(Caption-style text data)

··········

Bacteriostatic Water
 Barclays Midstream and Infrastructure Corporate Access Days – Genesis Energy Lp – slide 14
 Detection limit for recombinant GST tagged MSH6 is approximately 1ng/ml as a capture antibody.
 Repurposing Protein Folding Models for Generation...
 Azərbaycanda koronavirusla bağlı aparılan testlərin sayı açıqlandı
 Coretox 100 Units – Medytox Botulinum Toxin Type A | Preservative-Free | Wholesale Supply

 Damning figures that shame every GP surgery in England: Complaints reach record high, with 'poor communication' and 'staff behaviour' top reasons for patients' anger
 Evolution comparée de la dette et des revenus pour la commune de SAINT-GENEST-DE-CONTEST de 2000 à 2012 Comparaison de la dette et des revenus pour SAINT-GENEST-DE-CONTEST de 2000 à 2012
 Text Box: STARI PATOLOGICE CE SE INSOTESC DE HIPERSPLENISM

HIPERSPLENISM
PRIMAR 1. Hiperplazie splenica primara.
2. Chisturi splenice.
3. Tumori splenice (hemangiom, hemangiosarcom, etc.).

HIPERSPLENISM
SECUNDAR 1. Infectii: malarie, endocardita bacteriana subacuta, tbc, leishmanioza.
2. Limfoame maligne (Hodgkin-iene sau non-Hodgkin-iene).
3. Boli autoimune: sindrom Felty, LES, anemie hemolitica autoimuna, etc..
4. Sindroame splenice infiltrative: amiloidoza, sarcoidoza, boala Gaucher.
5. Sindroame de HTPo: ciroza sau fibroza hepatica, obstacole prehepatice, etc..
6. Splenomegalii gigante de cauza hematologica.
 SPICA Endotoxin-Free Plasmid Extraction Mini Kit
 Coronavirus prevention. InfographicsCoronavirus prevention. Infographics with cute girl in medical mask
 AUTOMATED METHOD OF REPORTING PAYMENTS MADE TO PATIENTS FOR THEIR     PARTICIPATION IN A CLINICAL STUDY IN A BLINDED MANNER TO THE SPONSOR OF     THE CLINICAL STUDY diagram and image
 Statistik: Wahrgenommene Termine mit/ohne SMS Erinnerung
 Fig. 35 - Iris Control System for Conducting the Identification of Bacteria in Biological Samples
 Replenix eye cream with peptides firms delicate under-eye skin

··········

* **What is expected**
From the data above, output every line exactly.

* **Solution to this problem**
Bacteriostatic Water
 Barclays Midstream and Infrastructure Corporate Access Days – Genesis Energy Lp – slide 14
 Detection limit for recombinant GST tagged MSH6 is approximately 1ng/ml as a capture antibody.
 Repurposing Protein Folding Models for Generation...
 Azərbaycanda koronavirusla bağlı aparılan testlərin sayı açıqlandı
 Coretox 100 Units – Medytox Botulinum Toxin Type A | Preservative-Free | Wholesale Supply

 Damning figures that shame every GP surgery in England: Complaints reach record high, with 'poor communication' and 'staff behaviour' top reasons for patients' anger
 Evolution comparée de la dette et des revenus pour la commune de SAINT-GENEST-DE-CONTEST de 2000 à 2012 Comparaison de la dette et des revenus pour SAINT-GENEST-DE-CONTEST de 2000 à 2012
 Text Box: STARI PATOLOGICE CE SE INSOTESC DE HIPERSPLENISM

HIPERSPLENISM
PRIMAR 1. Hiperplazie splenica primara.
2. Chisturi splenice.
3. Tumori splenice (hemangiom, hemangiosarcom, etc.).

HIPERSPLENISM
SECUNDAR 1. Infectii: malarie, endocardita bacteriana subacuta, tbc, leishmanioza.
2. Limfoame maligne (Hodgkin-iene sau non-Hodgkin-iene).
3. Boli autoimune: sindrom Felty, LES, anemie hemolitica autoimuna, etc..
4. Sindroame splenice infiltrative: amiloidoza, sarcoidoza, boala Gaucher.
5. Sindroame de HTPo: ciroza sau fibroza hepatica, obstacole prehepatice, etc..
6. Splenomegalii gigante de cauza hematologica.
 SPICA Endotoxin-Free Plasmid Extraction Mini Kit
 Coronavirus prevention. InfographicsCoronavirus prevention. Infographics with cute girl in medical mask
 AUTOMATED METHOD OF REPORTING PAYMENTS MADE TO PATIENTS FOR THEIR     PARTICIPATION IN A CLINICAL STUDY IN A BLINDED MANNER TO THE SPONSOR OF     THE CLINICAL STUDY diagram and image
 Statistik: Wahrgenommene Termine mit/ohne SMS Erinnerung
 Fig. 35 - Iris Control System for Conducting the Identification of Bacteria in Biological Samples
 Replenix eye cream with peptides firms delicate under-eye skin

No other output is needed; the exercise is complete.